Avec ces nou­veaux plan­nings de douze semaines modi­fiables sans leur accord, les agents vont « perdre la main­mise sur [leur] vie pri­vée », s’in­quiète Franck Coco­lon. « Les temps de pause et les repos ne seront plus res­pec­tés, les congés ne seront pas pris quand nous en avons besoin mais quand nous pour­rons les prendre… » Résul­tat des courses, des soi­gnants « encore plus fati­gués » donc des soins poten­tiel­le­ment de moins bonne qua­li­té et in fine, des patients qui risquent de payer les pots cas­sés.

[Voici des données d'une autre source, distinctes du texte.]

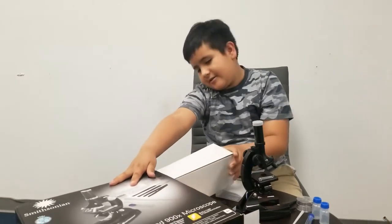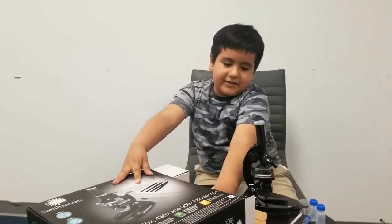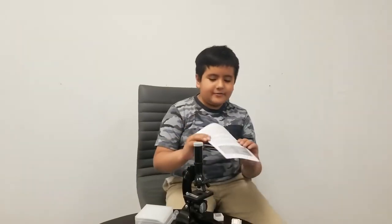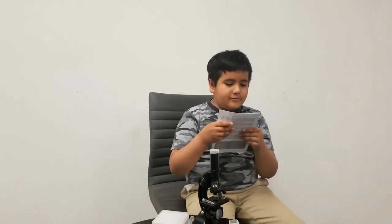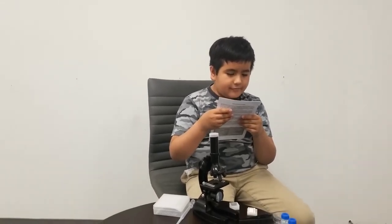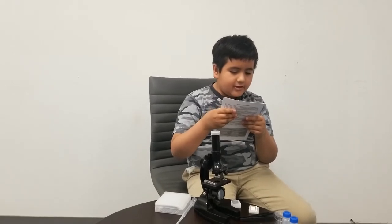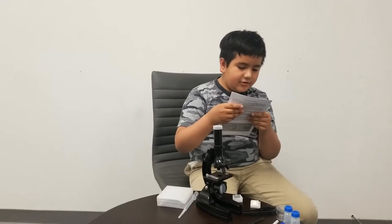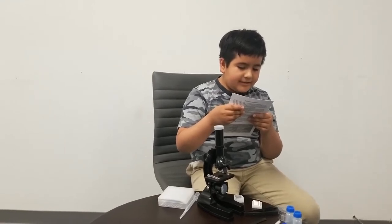Let's open this box — okay, nevermind, that has nothing in it, and neither does that. So I'm gonna read this manual right here. The name of parts: an eyepiece, a body tube, focusing knob, revolving turret, objective lens, arm, stage clip, mirror, illuminator, base. This is a 450 and 900 microscope, which is this.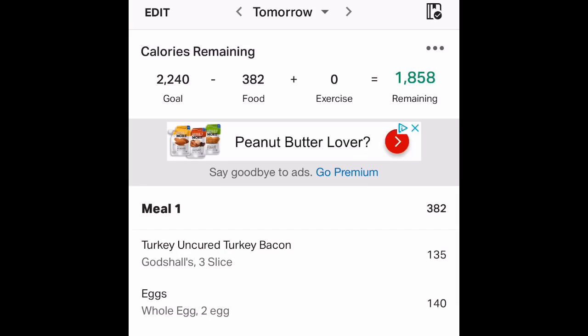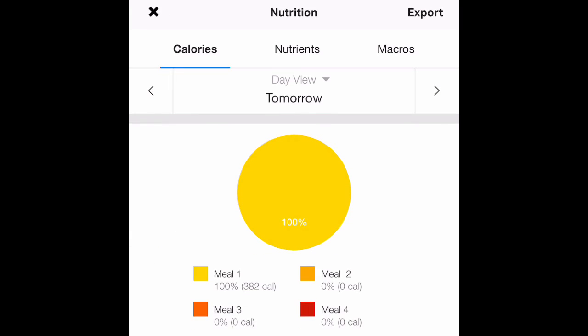Now we want to check our macros, our nutrients, to make sure we're hitting our numbers. At the top you see 'calories remaining' — I can click on calories remaining and this will let me know how many calories I'm eating each meal.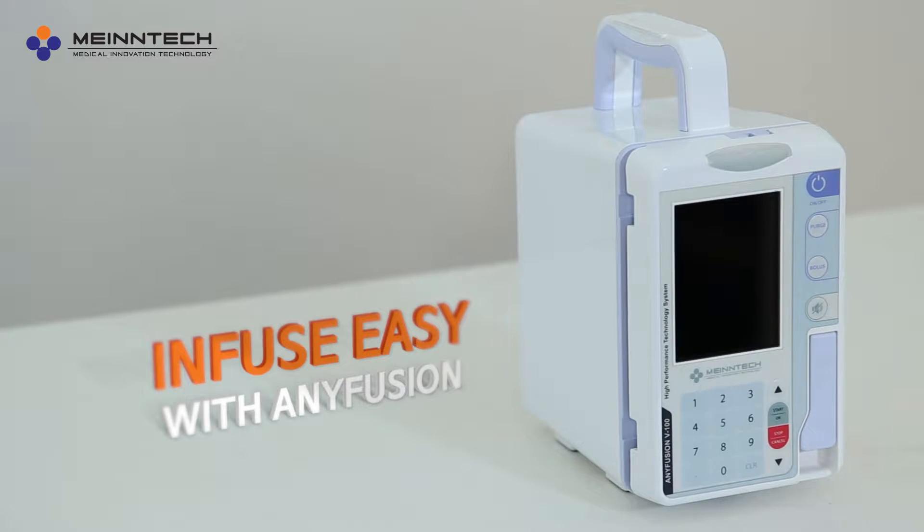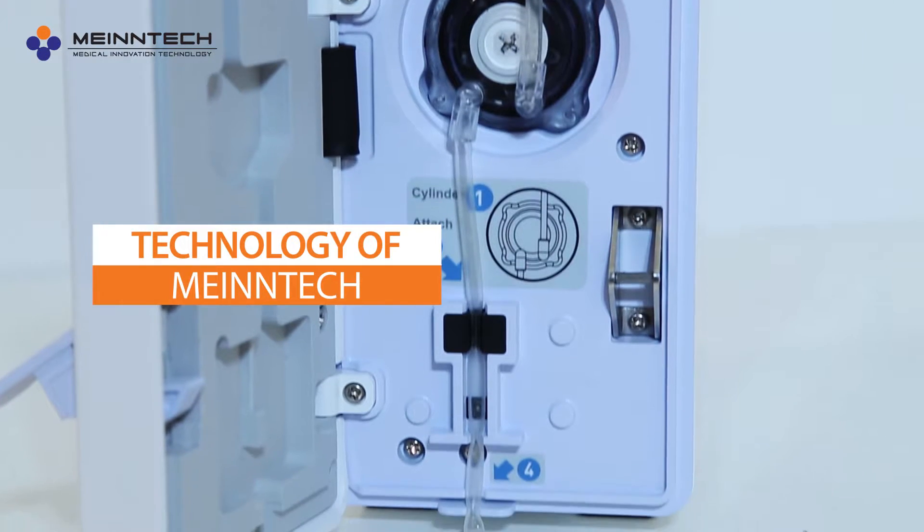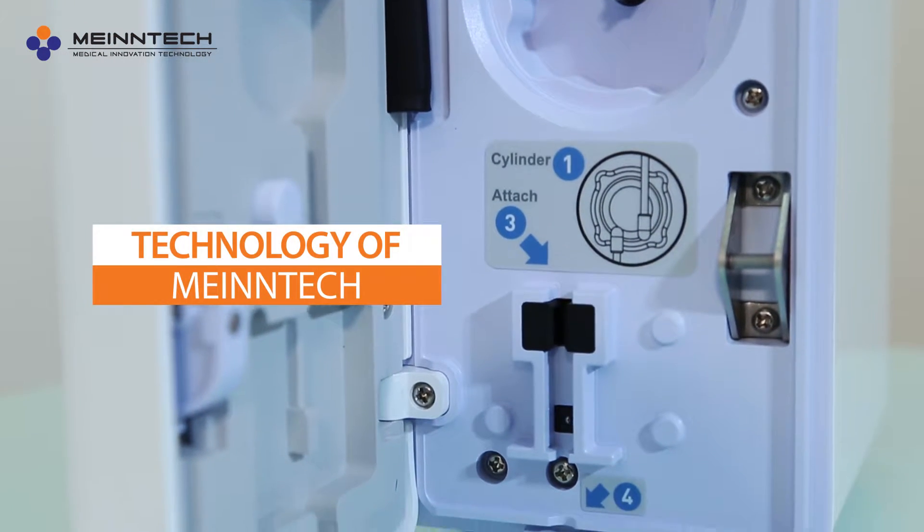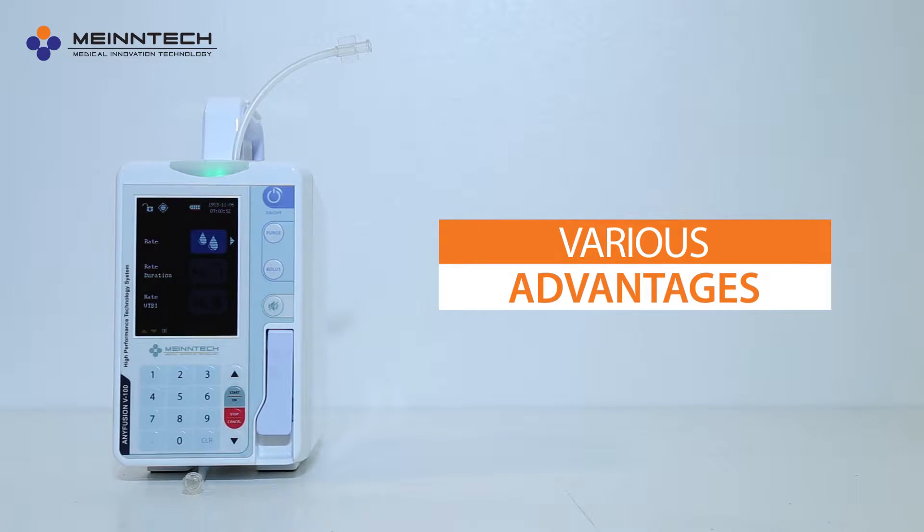MAINTAC's Anyfusion — now infuse easy, anytime, anywhere with Anyfusion. The Anyfusion cylinder is the core technology of MAINTAC, providing accurate infusion and various advantages.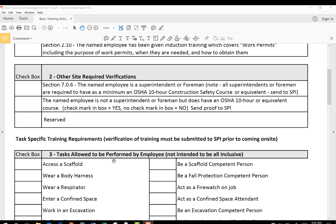The next section is Other Site Required Verifications. The first one is talking about your superintendent, your foreman, someone running the crew. If they're a superintendent or foreman, they will have to have an OSHA 10-hour construction safety course or equivalent. If they are and they have that, you will check right here, and this is one of the documents you will send to Safety Plus.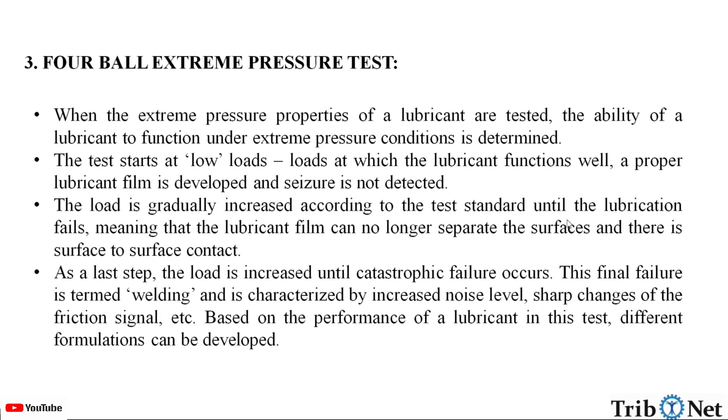The load is gradually increased according to the test standard until the lubrication fails, meaning that the lubricant film can no longer separate the surfaces and there is surface-to-surface contact. As a last step, the load is increased until catastrophic failure occurs. This final failure is termed welding, and it is characterized by increased noise level, sharp changes of the frictional signal, etc. Based on the performance of the lubricant in this test, different formulations can be developed.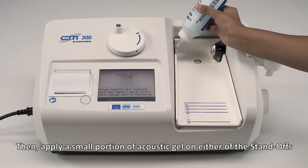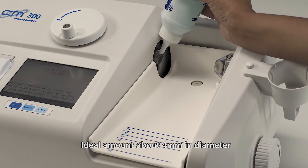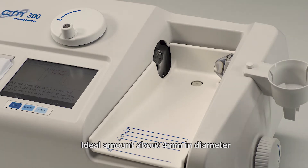Apply a small portion of acoustic gel on either side of the standoffs. Note the ideal amount is about 4 millimeters in diameter.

Manque de reconnaissance et d’attractivité

Pour cou­ron­ner le tout, les rému­né­ra­tions sont loin d’être à la hau­teur, pour l’é­cra­sante majo­ri­té des agents hos­pi­ta­liers. Exemple par­mi d’autres, Cyn­thia, ouvrière pro­fes­sion­nelle (OP) à la sté­ri­li­sa­tion du CHUGA, « gagne entre 1700 et 1800 euros par mois, avec treize ans d’an­cien­ne­té ». Des grilles de salaire et un « manque de recon­nais­sance » qui expliquent en grande par­tie l’at­trac­ti­vi­té insuf­fi­sante des métiers, selon la soi­gnante, en grève en juin der­nier comme l’en­semble de son équipe.

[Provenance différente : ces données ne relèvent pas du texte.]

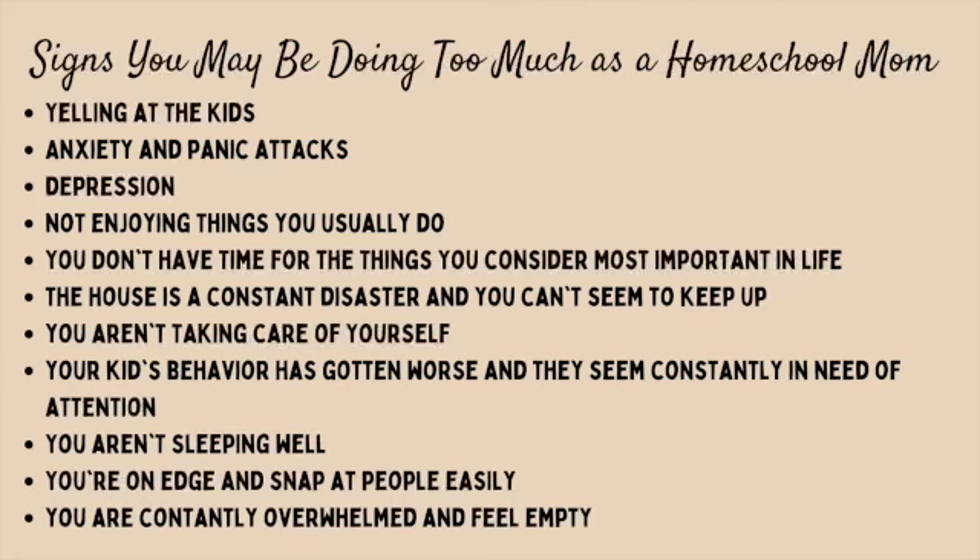Here are some signs that you're getting towards burnout and probably have too much on your plate: you find yourself yelling at the kids, you have anxiety or panic attacks, depression, you don't have time for the most important things in your life, you're not sleeping well, you're on edge, constantly snapping at people, and you constantly feel overwhelmed. Not all of those things come just from having too much on your plate, but if you're checking off a lot of them, it could be that you do.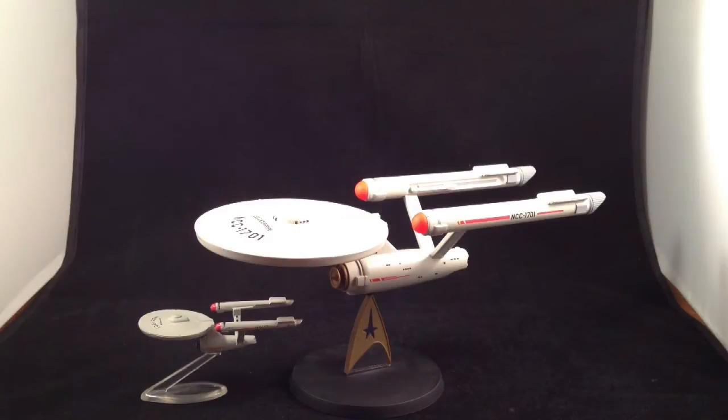In this review I want to look at the various Enterprise incarnations I have. These are all original series Enterprise, which, while not being my favorite, is definitely an excellent design.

En outre, indique Damien Bagnis, « dans l’hô­pi­tal public, nous avons une taxe sur les salaires de 10 % qui est rever­sée direc­te­ment à l’É­tat et qui ne va pas à la Sécu, mais aux impôts. Dans un éta­blis­se­ment comme le CHU, avec des bud­gets de plu­sieurs mil­lions d’eu­ros, ima­gi­nez les 10 % qui repartent direc­te­ment dans les poches de l’É­tat, alors qu’en fait cet argent devrait reve­nir à l’hô­pi­tal pour embau­cher et aug­men­ter les trai­te­ments des agents. » Le secré­taire géné­ral de l’USD CGT 38 rap­pelle ain­si que « l’in­dice est blo­qué depuis des années et gelé. En fait, on devient des tra­vailleurs pauvres », observe-t-il.

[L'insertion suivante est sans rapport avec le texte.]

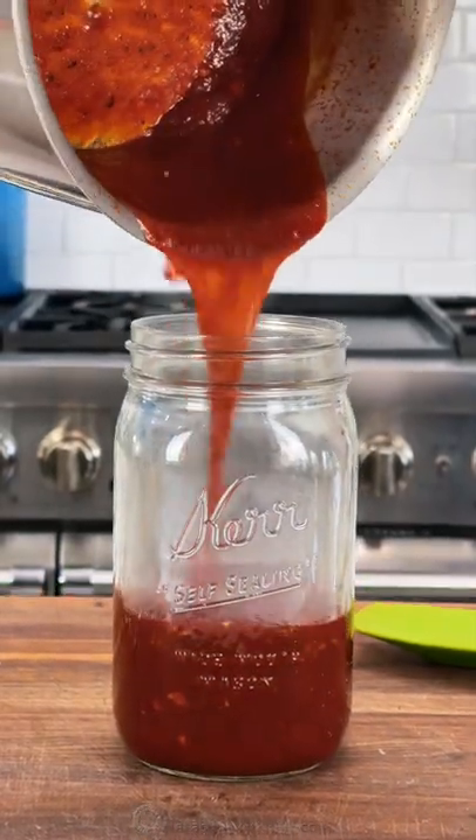Take it off the heat and let it cool completely to room temperature, then you can store it in the refrigerator for up to two weeks. Mm, sweet and tangy.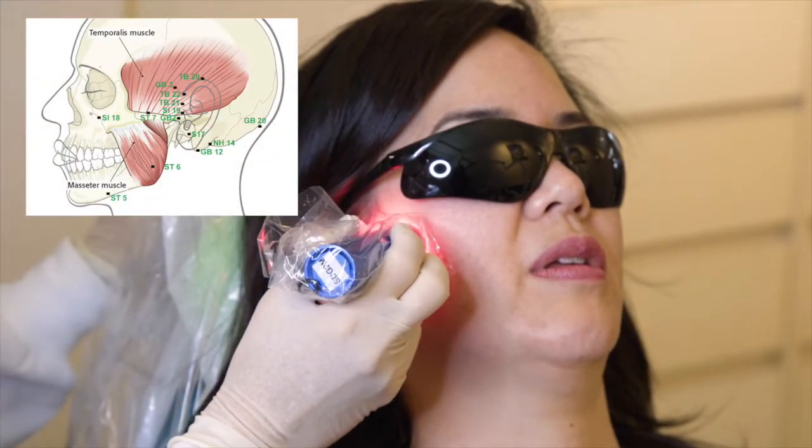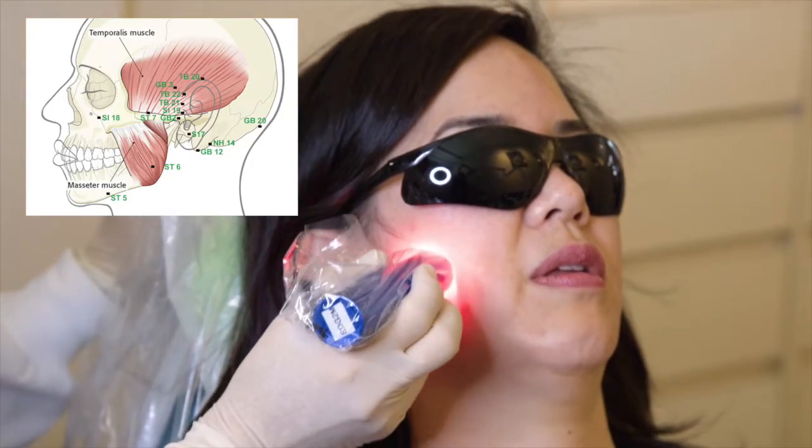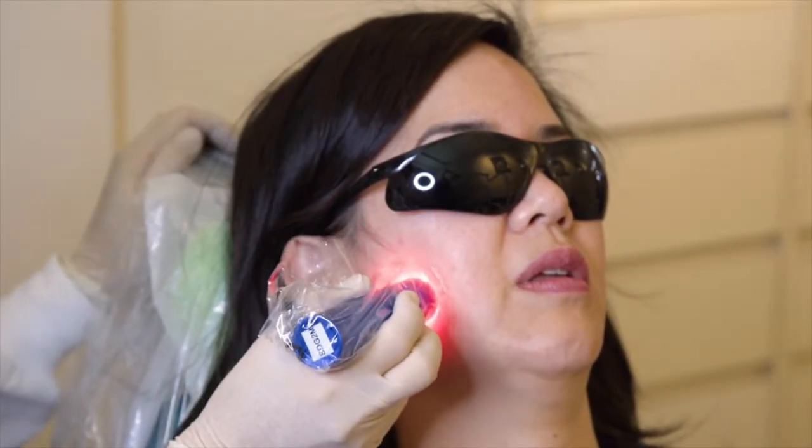The masseter muscle is this area — we will have them treat and that will be the whole treatment site, and that will complete the cycle.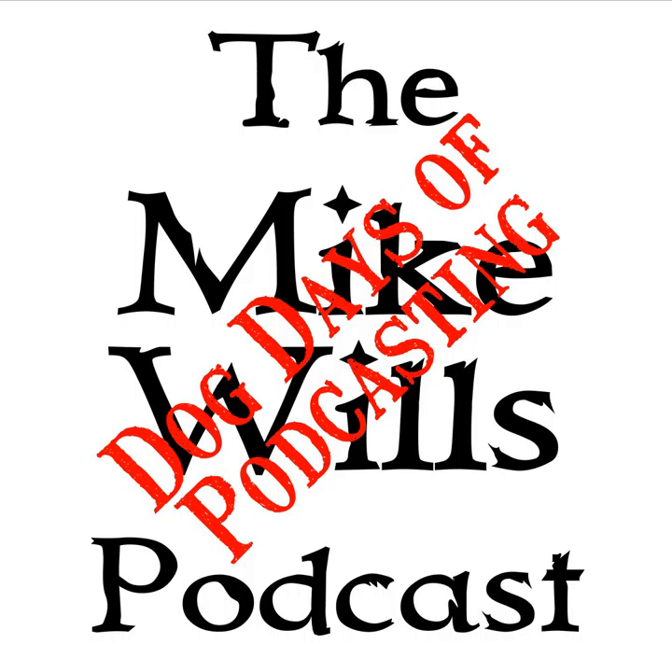CQ CQ CQ WX0MIK, Whiskey X-Ray 0 Mike India Kilo, CQ CQ CQ WX0MIK. Hello and welcome to the next edition of the Mike Wills Podcast. This is the Dog Days Podcasting Edition for August 28th, 2019. I am your host, Mike Wills.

Des moyens face au changement climatique

À l’oc­ca­sion de cette mobi­li­sa­tion du 15 sep­tembre et des pro­chaines à venir — notam­ment le 29 sep­tembre pour toute la fonc­tion publique en inter­syn­di­cale -, la CGT réitère ses reven­di­ca­tions. À savoir (liste non exhaus­tive) l’aug­men­ta­tion géné­rale des salaires et des pen­sions et leur indexa­tion sur l’inflation, la for­ma­tion et l’embauche de per­son­nels, l’arrêt des fer­me­tures de lits et de ser­vices et la réou­ver­ture de tous les lits fer­més (80 000 lits depuis 2003, envi­ron 45 000 sous la pré­si­dence de Macron), la prise en charge des soins par le 100 % Sécu… Sans oublier de véri­tables moyens pour faire face au chan­ge­ment cli­ma­tique.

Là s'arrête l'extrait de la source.